The Fed interest rate was recently set at a quarter percent for 7 years until 2015. This is a long stretch that was the result of the bursting subprime mortgage bubble. It is, however, far from the longest stretch historically in the world.
Modern banking was first seen in Britain, with banknotes coming into existence in 1695 via the Bank of England. They copied practices, such as the fractional reserve system from Holland, and added their own touches like the aforementioned banknotes.
The Bank of England also set the first national interest rate at six percent. It is surprising by modern standards that it took a long time before interest rates came to change with the economy and the country’s circumstances. The rate moved from 6 to a few lower values over the next 20 years. In March 1719, they raised the rate from 4% to 5%.
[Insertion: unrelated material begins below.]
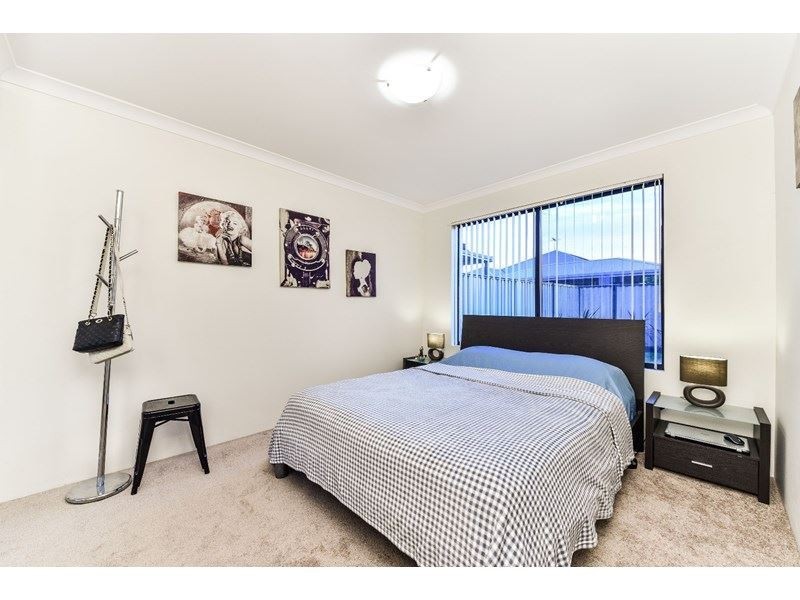 6 Spruce Terrace, Aubin Grove WA 6164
Britain was doing well for itself. The next major moment was the 7 years war, where Britain and their allies fought the French and their allies. Britain prevailed in 1763 and took ownership of Canada. Throughout this, the interest rate remained steady at 5%.
After this, Britain was in many conflicts with the French in the period from 1790 to 1815. This period even includes an embargo by Napoleon against the Brits. You guessed it, 5%.
Finally, in May 1822, the interest rate in Britain changed after 103 years. The period of over a century of the same rate was not paired with a similarly epic change. It went from 5% to 4%. It was from here that the rate started changing more often.